Selective extraction of nickel and cobalt from disseminated sulfide flotation cleaner tailings using alkaline glycine-ammonia leaching solutions

Abstract

Millions of tons of nickel-bearing tailings, derived from disseminated sulfide resources, has been or are being dumped as waste and the recovery of metals from these tailings is insignificant. There are no economic hydrometallurgical processes to recover valuable metals from such wastes due to their low metal recovery, their alkaline high-magnesium mineralisation, and high reagent requirement.

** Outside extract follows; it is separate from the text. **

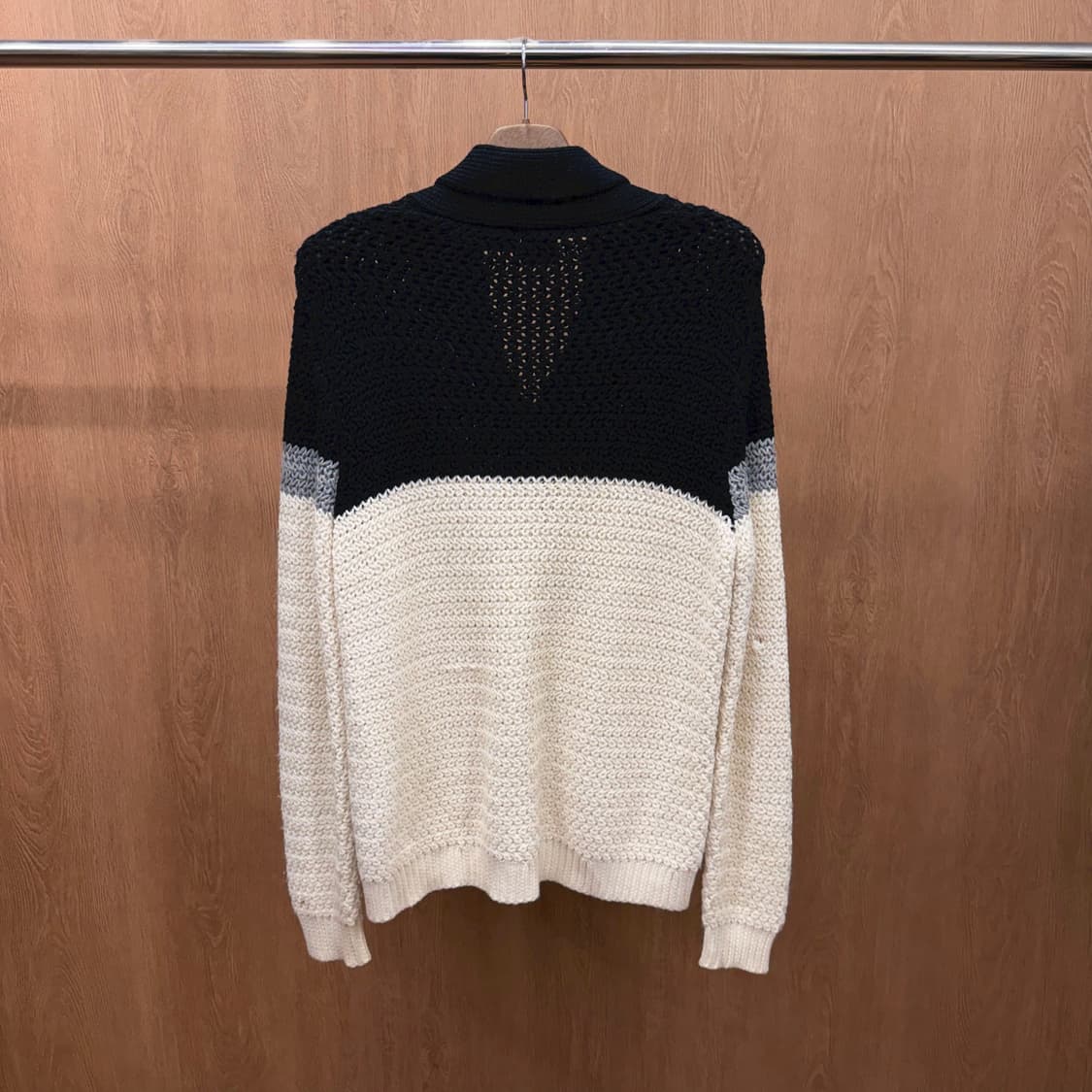 아르마니 익스체인지 니트 가디건 배색 블록 패턴 로고 탭 디테일 아이보리 상품이미지3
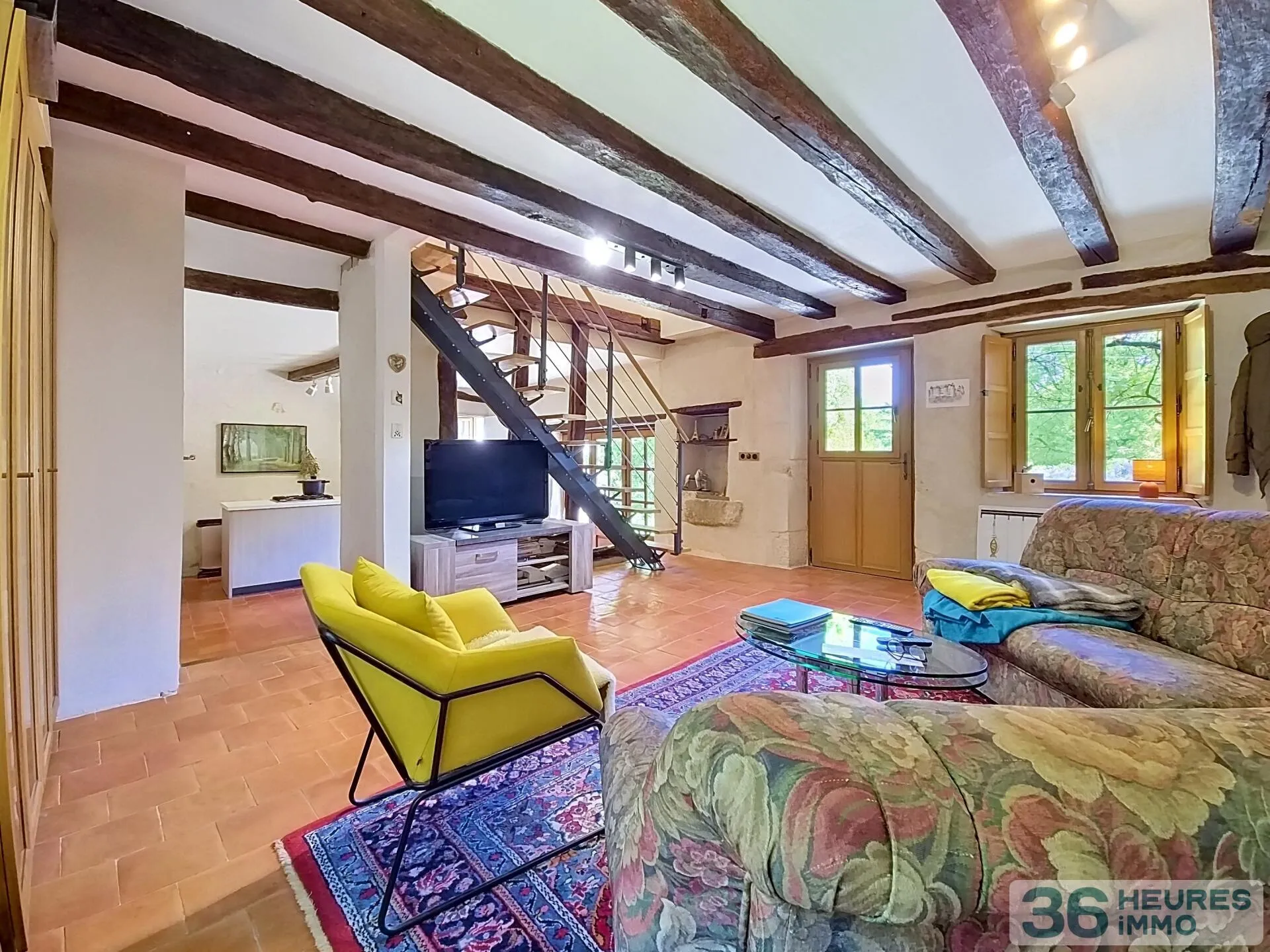 Maison de campagne avec forêt à Luynes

This study presents a novel alkaline process of glycine leaching to extract nickel and cobalt from such tailings. The outcomes of the experimental tests of using an alkaline glycine-based lixiviant system to extract nickel and cobalt from a float tailing material containing 0.79 % Ni and 0.02 % Co respectively are presented in this study. A comparison between using ammonia and sodium hydroxide as pH modifiers was conducted and the leaching performance of glycine-ammonia has been found to be superior based on both metal extractions and leaching kinetics. The use of resin-in-leach (RIL) to recover Ni and Co from glycine-ammonia leaching solution enhanced Ni extraction by ∼ 10 %. Grinding of the float tailing sample to a P80 of 15 µm enhanced both Ni and Co extraction by 10–15 %. Increasing the temperature to 45 °C considerably enhanced the metal leaching at which the highest Ni and Co extractions were achieved at 88 % and 90 %, respectively. Controlling dissolved oxygen (DO) levels during the leaching significantly increased the leaching kinetics and decreased the leaching time from 48 to 24 h. QEMSCAN analysis confirmed the selectivity of the alkaline glycine-based system to leach Ni, Co and Cu over impurities such as Fe, Mn and Mg. Two conceptual block diagram flowsheets were proposed for Ni and Co extraction from the float tailings using an alkaline glycine-based leaching process, where the Ni in the original ore is mineralised in an ultramafic, highly disseminated form of pentlandite in a magnesium-rich alkaline gangue matrix.